The model of the Sea Serpent is one that the greatest grumbler would be at a loss to find the smallest fault with. Head on she has a most rakish appearance, and her lines swell along the bow into their utmost fullness, and then taper off again into the clean run, they show incontestably that 'the line of beauty' has been made the guide in her construction. They are as perfect as perfection itself.

Her stern is most beautifully proportioned, and is tastefully decorated with two carved full length representations of the Great American Sea Spirit.

 

The Sea Serpent cleared for San Francisco on January 11, 1851, and was expected to make a swift passage to the Golden Gate in 100 days or less. Unfavorable adverse winds prevailed throughout her maiden voyage to the Horn, where heavy gales tossed the ship around. Spars were lost, sails split, and the Sea Serpent was forced to put in to Valparaiso for repairs for eight days. The Sea Serpent sailed on to San Francisco, but light winds slowed her down and she did not reach the Golden Gate until May 17th after 114 sailing days had elapsed, a good run considering the circumstances. The Sea Serpent was soon off on a 42-day voyage to China.
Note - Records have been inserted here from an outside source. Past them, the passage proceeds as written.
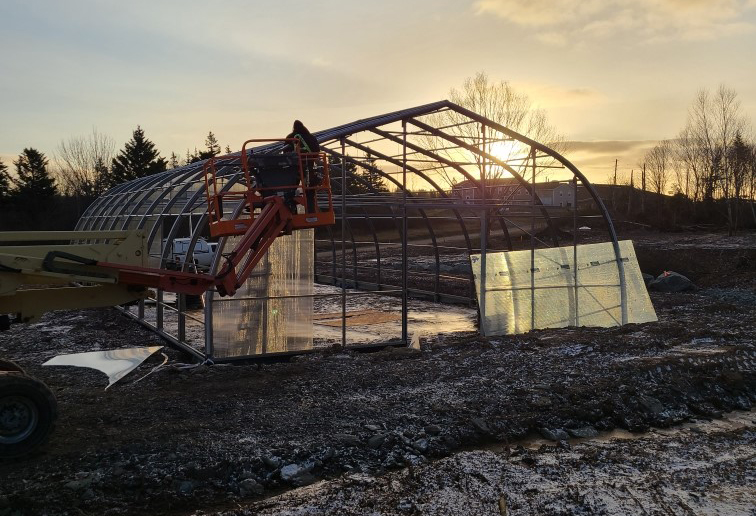The Potlotek First Nation in Cape Breton, along with other Indigenous communities in Atlantic Canada, is in the midst of a new gardening project to address food insecurity with a geothermally-heated greenhouse, shown under construction in a handout photo, to allow for year-round food production. 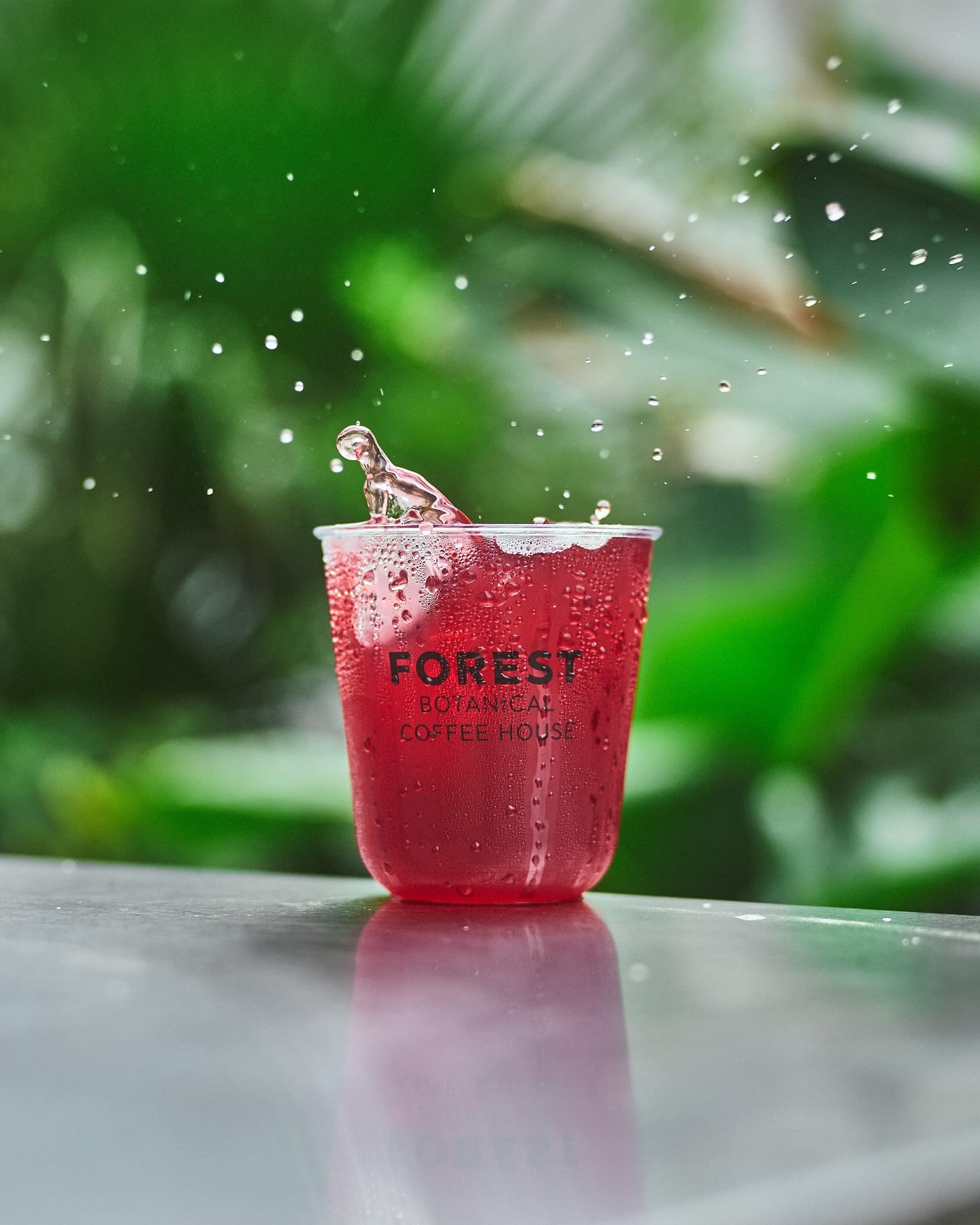 The pink forest ice tea splashing on a steel table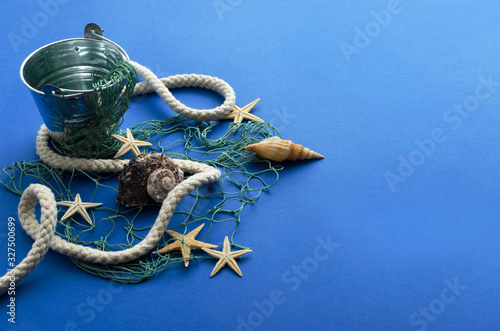 Closeup of bucket, amrine rope and net, seashell on the blue background.Empty space for design photo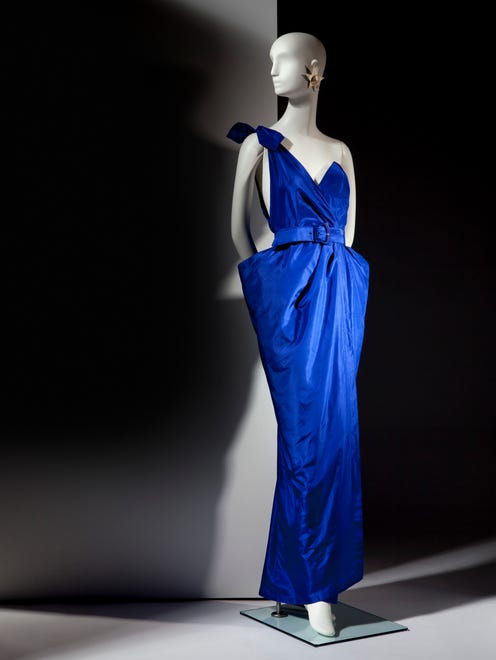 Thierry Mugler, French, born 1948 Strasbourg, France.
Dress and belt, 1985. Silk taffeta. Museum purchase of Emphatics Archive with funds provided by: Barbara Anderson, Arizona Costume Institute, Milena and Tony Astorga, Jacquie Dorrance, Kelly Ellman, Michael and Heather Greenbaum, Diane and Bruce Halle, Nancy R. Hanley, Ellen Katz, Miriam Sukhman. Photo by Ken Howie.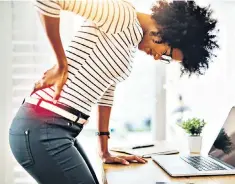  ??  ?? Back-breaking: bad posture habits now will lead to problems later on, experts say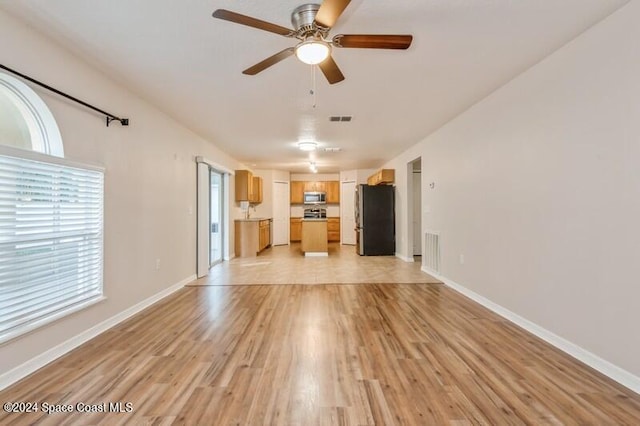 unfurnished living room featuring light hardwood / wood-style flooring and ceiling fan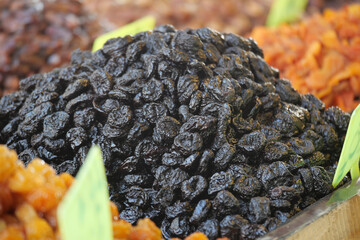 Dried plums at a vibrant market display in summer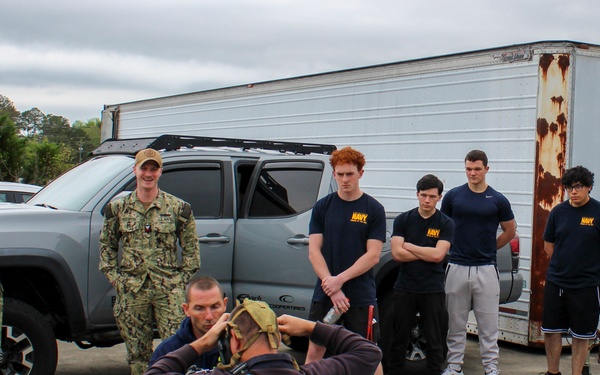 Fire Department Demonstrates Donning Fire Fighting Equipment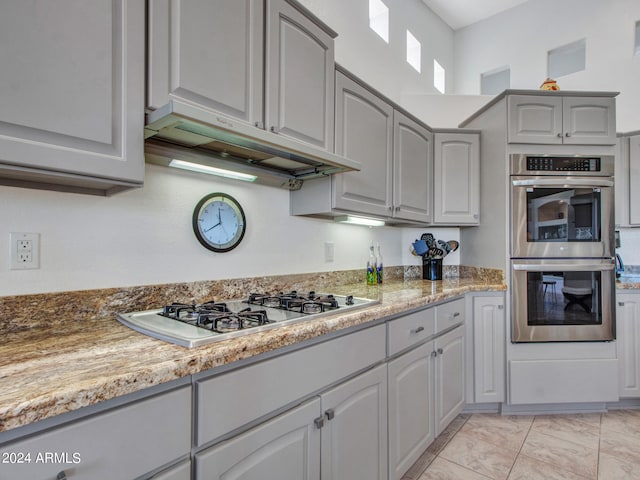 kitchen with gray cabinetry, white gas cooktop, light stone countertops, light tile patterned floors, and stainless steel double oven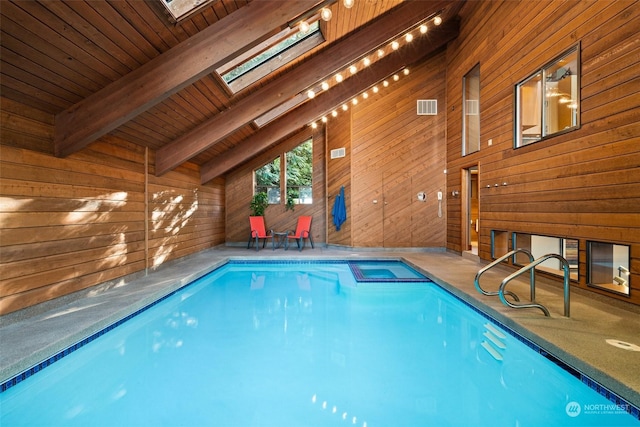 view of pool with a skylight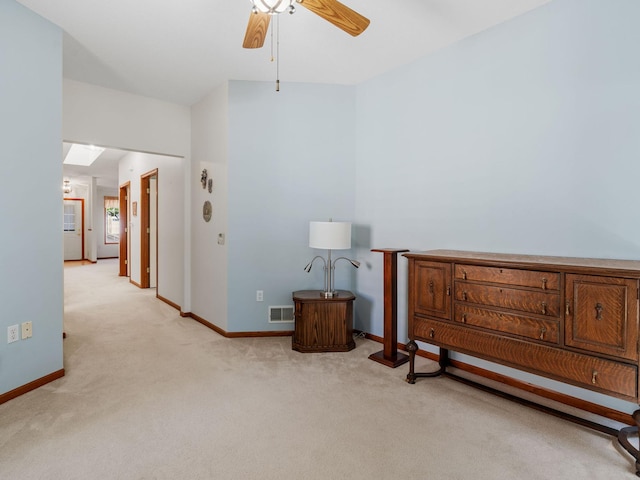 9323 Kimberly Ln N, Maple Grove, MN 55311 - sitting room featuring a ceiling fan, light carpet, and a skylight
In the fall of 1850, George B. Upton, by then caught up in the growing excitement and frenzy to send swift clippers around the Horn, was now willing to take a chance. He gave Donald McKay the go-ahead to build an "extreme" clipper for Sampson & Tappan, prominent East Indian merchants in Boston. This time around, Upton was in a hurry for Donald McKay to build a large clipper for the Cape Horn run, and certainly had second thoughts about not giving Donald McKay the go-ahead earlier that year in April when the Reindeer was launched.

The contract called for a ship of 1534 tons. The keel alone was 207 feet between perpendiculars, and 215 feet overall in length, with a depth of hold of 21 feet, depth of keel, 46 inches; deadrise, 40 inches; shear, 30 inches. The Stag Hound was the largest merchant ship built in 1850, and was sharper and longer than any other merchant vessel. She was designed with stability and speed in mind and George B. Upton gave Donald McKay a free hand to design the Stag Hound as he wanted to. Donald McKay would take full responsibility for her sailing qualities and would go on to build her in 100 days.

Donald McKay had built seventeen ships up till then and was looking forward to his first opportunity to build a California clipper. With the Stag Hound, however, he chose to deviate from the flat-floored design of the Sea Witch that Griffiths had come up with, and instead chose to go with more of a V-bottomed hull such as Griffiths had originally promoted in his early days in the design of the Rainbow.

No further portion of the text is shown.